Inventou-se, ainda, uma “TV Brasil”, emissora que serve para
apoiar as autoridades e é sustentada com dinheiro público em estado puro. Em
cinco anos de funcionamento, sua audiência continua vizinha do zero; a esta
altura, talvez tenha mais funcionários do que telespectadores. A questão, em
todos esses casos, é que imprensa a favor não adianta nada — o que interessa a
quem manda é não ter imprensa contra. Elogios não salvaram uma única cabeça,
entre os doze ministros que a presidente Dilma Rousseff botou na rua até agora,
nos casos em que foram denunciados por corrupção no noticiário. Não têm
resolvido nada no julgamento do mensalão, também revelado integralmente pelo
trabalho da imprensa; o STF vem sendo o flagelo de Deus para os réus,
triturados um após o outro com sentenças de condenação.

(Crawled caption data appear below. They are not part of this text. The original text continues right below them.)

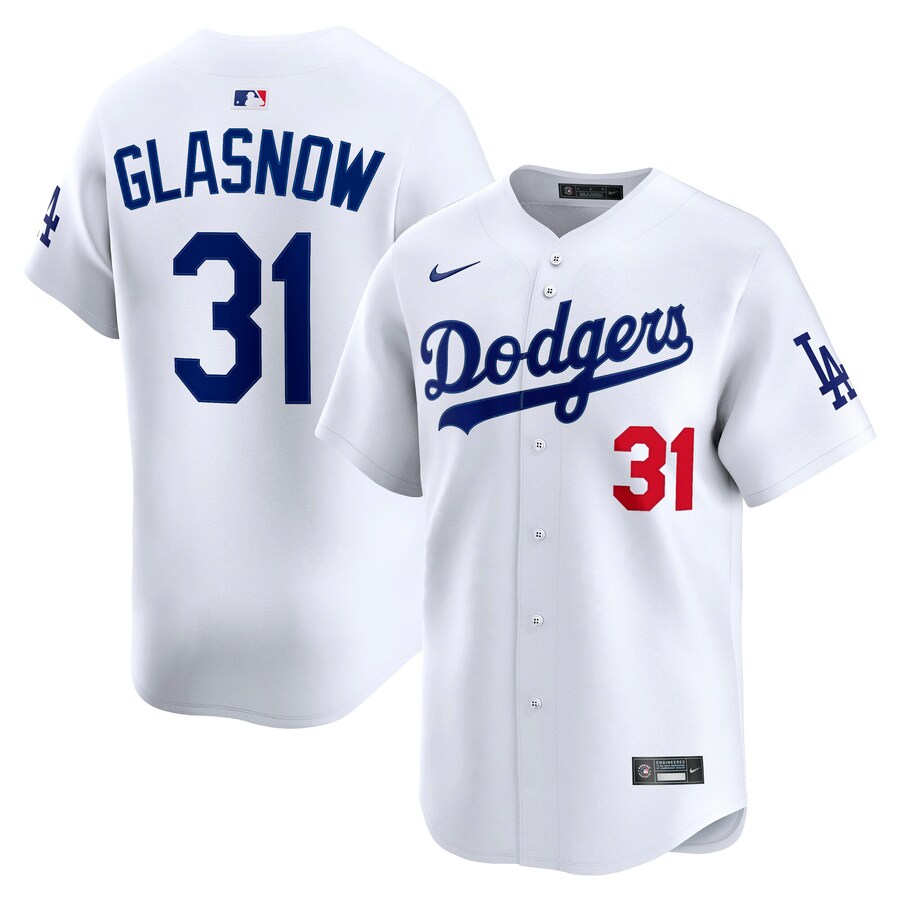 Men's Los Angeles Dodgers Tyler Glasnow Nike White Home Limited Player Jersey - Jersey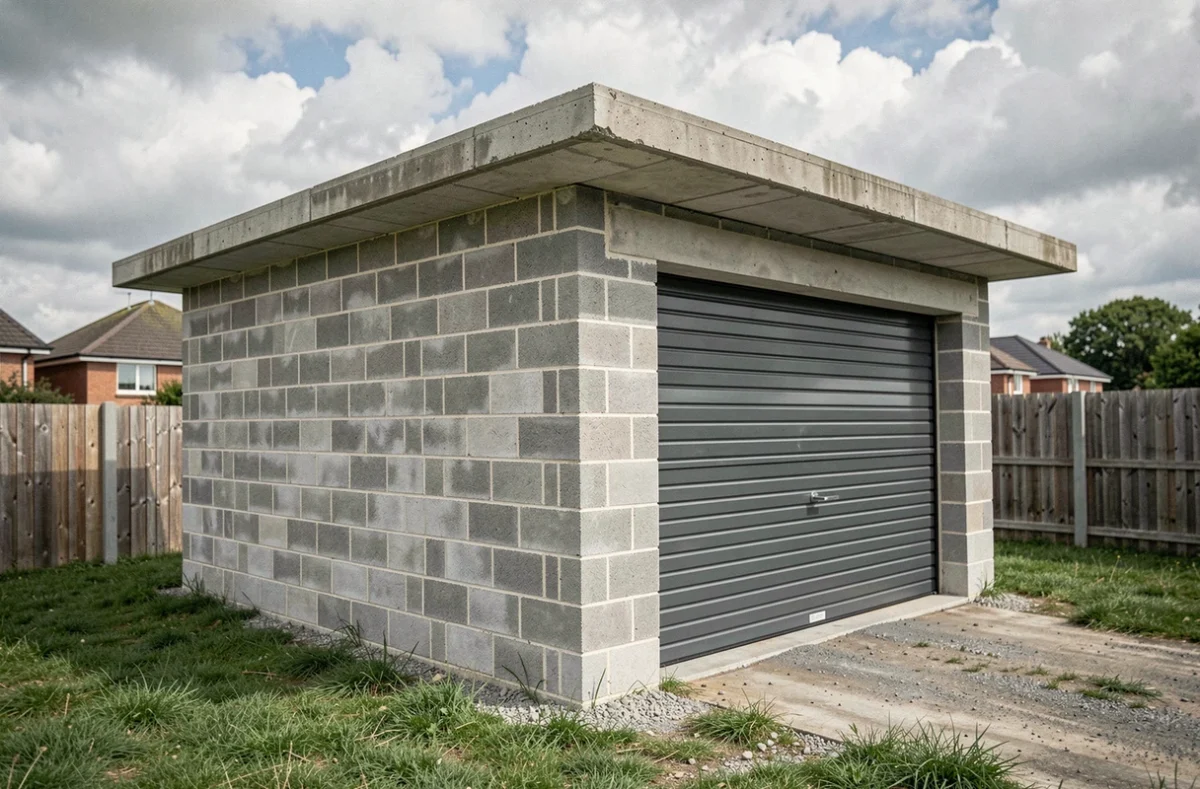 Garage de 20m2 en parpaing presque terminé avec porte sectionnelle anthracite en milieu résidentiel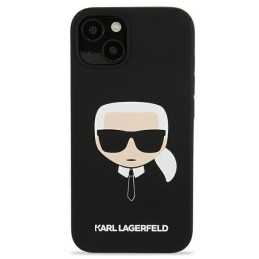 „Karl Lagerfeld“ silikoninis „Karl& 39 s Head“ dėklas, skirtas „iPhone 13 mini“ – juodas
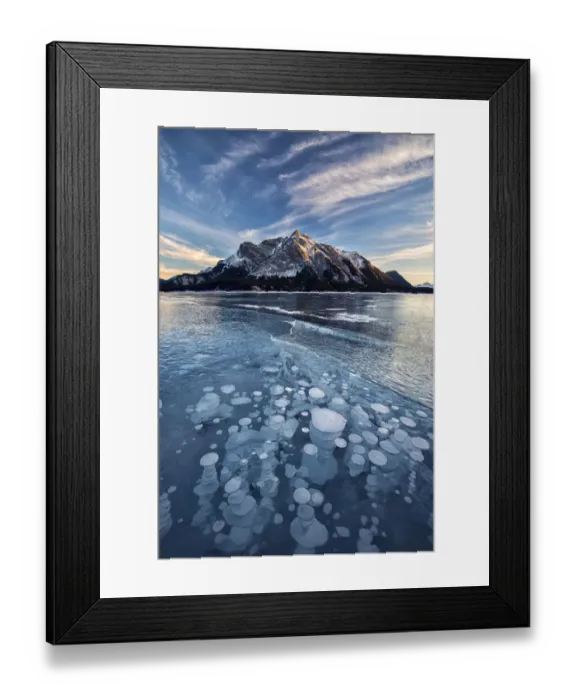 Framed Print : Canada, Alberta, Abraham Lake. Ice bubbles in lake at sunset Framed Print : Canada, Alberta, Abraham Lake. Ice bubbles in lake at sunset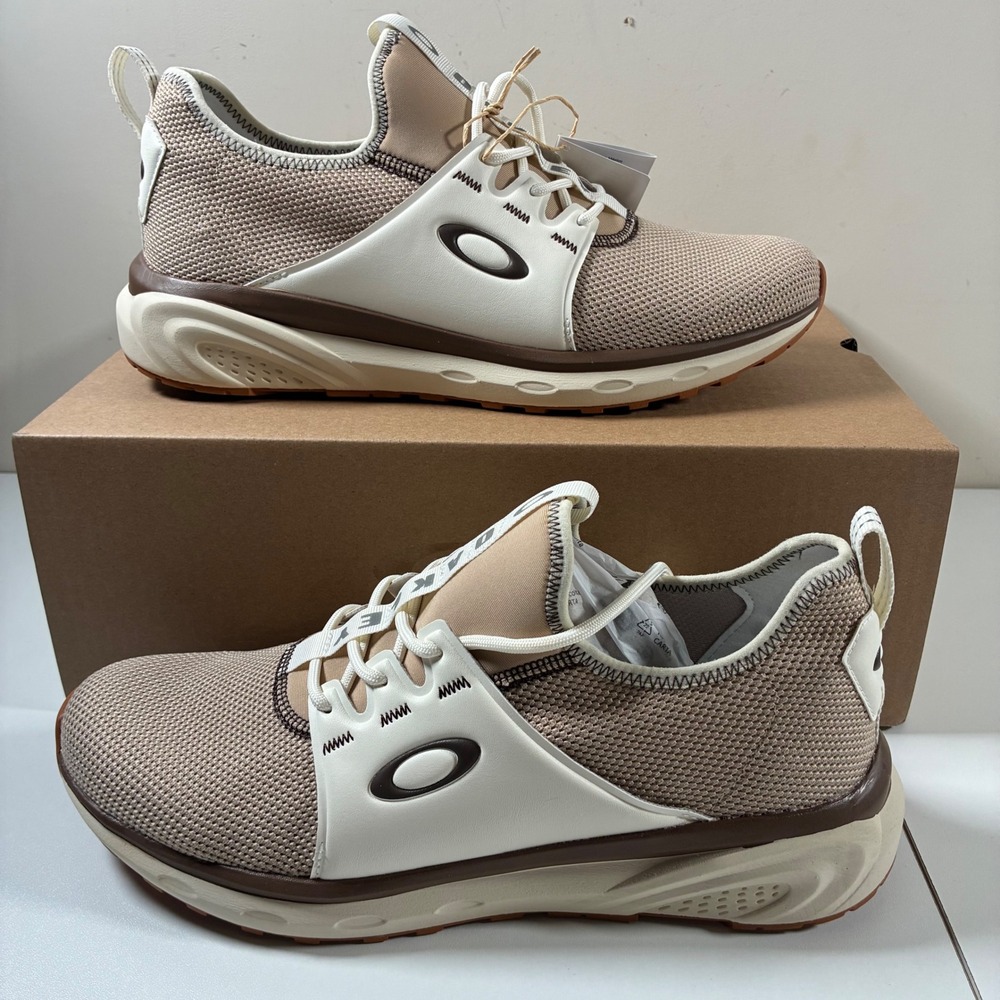 NEW Oakley Dry OS Sneakers 10 Humus Tan Cream Mesh Athletic FOF100542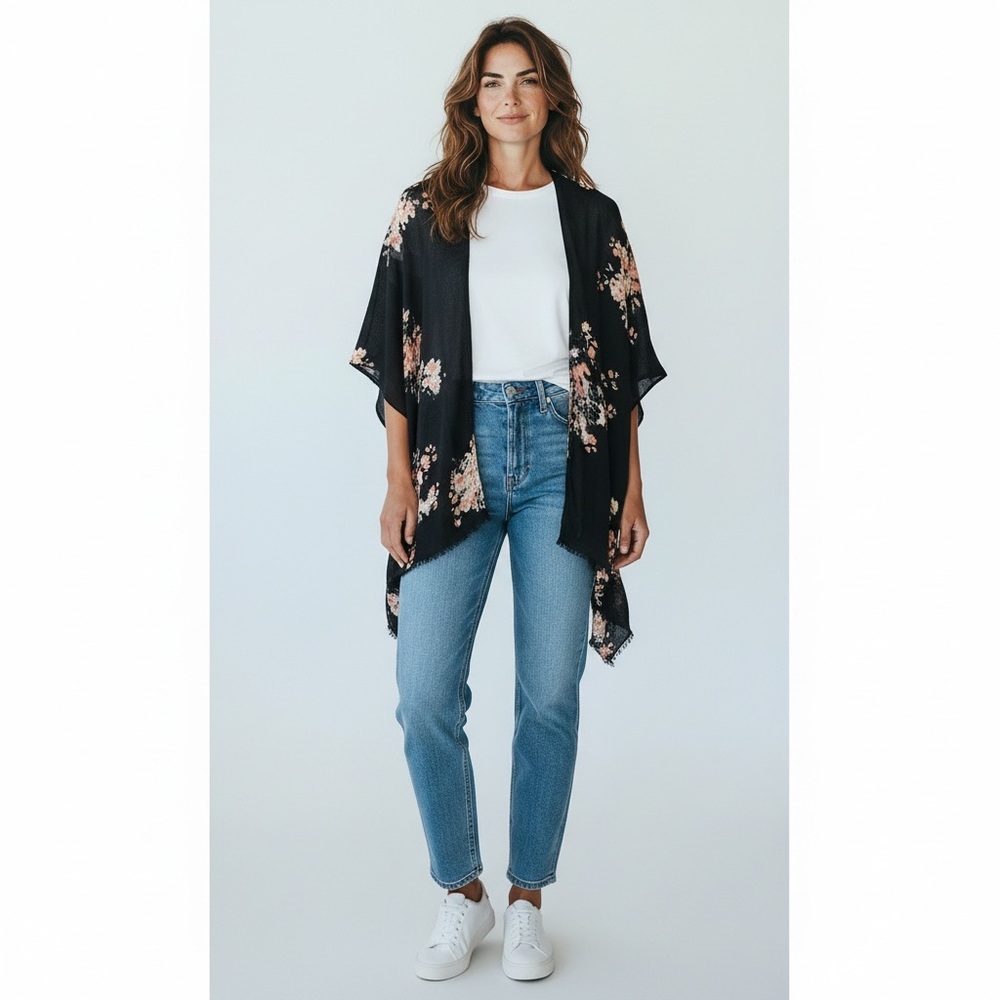 Floral Black Wrap/Scarf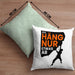 Lustige Kletter-Kissen mit Füllung 40x40 "Ich häng nur etwas ab" Geschenkidee für Boulder- und Kletter-Fans (Grau) Grün Trendation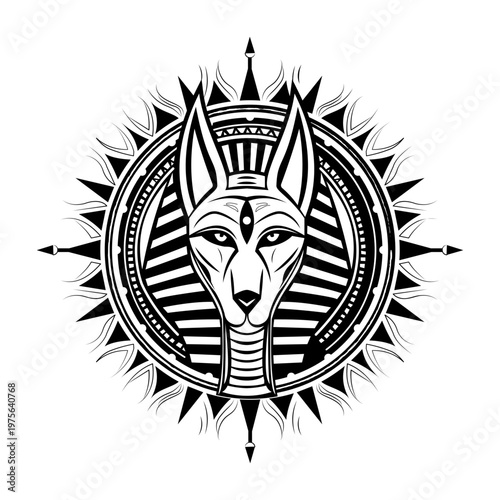 A glyph style illustration showing anubis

Ditaduras entendem muito bem como se controla a imprensa.
Não desejam aplausos: a única coisa que lhes importa é cortar tudo aquilo que
não querem que seja publicado. Não podendo fazer isso, o PT fica na gritaria.
Ainda há pouco, o presidente nacional do partido, deputado Rui Falcão, disse
que a “mídia conservadora” é instrumento de uma “elite suja e reacionária”, e
fez uma ameaça: “Não mexam com o PT”. E se mexerem — ele vai fazer o quê?
As coisas que o deputado diz não chegam a obter a nota
mínima necessária para ser levadas a sério: não há exemplo na história de
situações em que a imprensa tenha mudado de linha por causa de discurseira
desse tipo, ameaças vazias ou “pressões da sociedade”. Veículos independentes
não têm medo de insultos, “setores populares” ou líderes políticos com
popularidade de 80%; o que lhes quebra a espinha é a força armada, e só ela. É
melhor, então, o PT segurar a ansiedade.